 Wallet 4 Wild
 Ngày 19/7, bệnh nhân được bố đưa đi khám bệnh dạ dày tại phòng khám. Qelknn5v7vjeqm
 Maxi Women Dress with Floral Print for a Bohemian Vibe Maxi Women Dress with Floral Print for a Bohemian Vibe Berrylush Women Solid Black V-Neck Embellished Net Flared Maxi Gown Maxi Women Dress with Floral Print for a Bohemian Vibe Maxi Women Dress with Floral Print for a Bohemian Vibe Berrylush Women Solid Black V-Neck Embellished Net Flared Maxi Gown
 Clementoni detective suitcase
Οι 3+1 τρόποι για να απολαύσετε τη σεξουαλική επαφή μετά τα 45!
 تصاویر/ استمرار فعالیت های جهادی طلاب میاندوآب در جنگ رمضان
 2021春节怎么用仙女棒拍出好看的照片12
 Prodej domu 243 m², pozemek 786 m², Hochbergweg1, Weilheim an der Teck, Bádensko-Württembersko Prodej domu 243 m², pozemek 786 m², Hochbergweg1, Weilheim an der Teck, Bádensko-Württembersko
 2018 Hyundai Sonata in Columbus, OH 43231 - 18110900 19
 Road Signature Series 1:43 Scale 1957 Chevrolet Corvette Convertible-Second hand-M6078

+++

• _ABOUT THIS TASK_
Reproduce nothing but the lines from the line containing "تصاویر/ استمرار فعالیت" to the last line of the data, each exactly as written.

• _WRITTEN RESPONSE_
 تصاویر/ استمرار فعالیت های جهادی طلاب میاندوآب در جنگ رمضان
 2021春节怎么用仙女棒拍出好看的照片12
 Prodej domu 243 m², pozemek 786 m², Hochbergweg1, Weilheim an der Teck, Bádensko-Württembersko Prodej domu 243 m², pozemek 786 m², Hochbergweg1, Weilheim an der Teck, Bádensko-Württembersko
 2018 Hyundai Sonata in Columbus, OH 43231 - 18110900 19
 Road Signature Series 1:43 Scale 1957 Chevrolet Corvette Convertible-Second hand-M6078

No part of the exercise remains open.